Omschrijving (toelichting)
De ramingen in deze programmabegroting zijn gebaseerd op de uitkomsten van de meicirculaire 2023 (vast te stellen door de raad op 28 september 2023). De ramingen van de algemene uitkering zijn in lopende prijzen.
Nieuwe financieringssystematiek
Tot en met 2023 groeide de omvang van het gemeentefonds mee met de uitgaven van het Rijk. Dit is de trap-op-trap-af methode. Vanaf de meicirculaire 2024 past het Rijk een nieuwe financieringssystematiek toe. Dit betekent dat het Rijk het accres koppelt aan de ontwikkeling van het bruto binnenlands product. Het Rijk baseert het volume accres op een 8-jaars historisch gemiddelde van de ontwikkeling van het bruto binnenlands product. Het Rijk zou deze nieuwe financieringssystematiek eigenlijk pas in 2027 invoeren. De koppeling van het accres aan de ontwikkeling van het bruto binnenlands product (bbp) zorgt voor een stabiele en beter beheersbare financiering voor gemeenten.
Het volume accres en LPO accres daalden door de gewijzigde bbp-indexatie. Hier ontvangen we een incidentele compensatie voor. In 2024 en 2026 tot en met 2029 compenseert het Rijk de negatieve effecten volledig. In 2025 compenseert het Rijk het negatieve effect voor ongeveer de helft.
Jeugdzorg
Het Rijk en de VNG hebben 18 april dit jaar een financieel principeakkoord bereikt voor de Hervormingsagenda Jeugd. In de meicirculaire 2023 wordt voor jeugdzorg, onder voorbehoud van omzetting naar een definitief akkoord op de Hervormingsagenda, voor 2024 € 1.454 miljoen en voor 2025 € 954 miljoen beschikbaar gesteld.

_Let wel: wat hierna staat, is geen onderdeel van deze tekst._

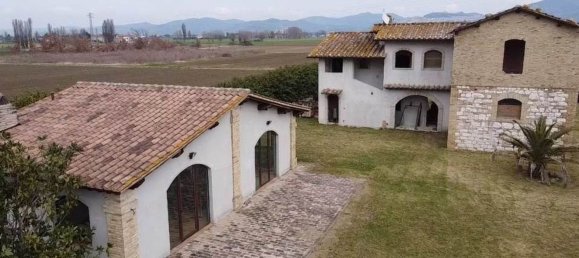 7-Zimmer Haus in Assisi, Italy, Nr. 5566 6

Verder is één van de financiële afspraken in het principeakkoord dat de huidige besparingsreeks van € 374 miljoen voor 2023, € 463 voor 2024, € 570 voor 2025 voor 2023 tot en met 2025 bevroren is op het niveau van € 374 miljoen. Voor 2026 staat de besparing, zoals voorzien, op € 961 miljoen en loopt op tot iets meer dan € 1 miljard voor 2027. Ook zijn afspraken gemaakt over de aanvullende besparing van € 100 miljoen voor 2024, waarbij de Rijksoverheid de verantwoordelijkheid heeft om deze besparing in te vullen met (wettelijke) maatregelen. Voor 2024 geldt dat de geraamde extra besparing van € 100 miljoen vanwege een vertraging in de totstandkoming van de Hervormingsagenda Jeugd is vervallen. Het vervallen van de extra korting voor 2024 heeft geen budgettair effect. Het verloopt budgettair neutraal, omdat gemeenten in de begroting voor Jeugdzorg rekening moeten houden met de voorgenomen besparing en een lagere raming voor de uitgaven.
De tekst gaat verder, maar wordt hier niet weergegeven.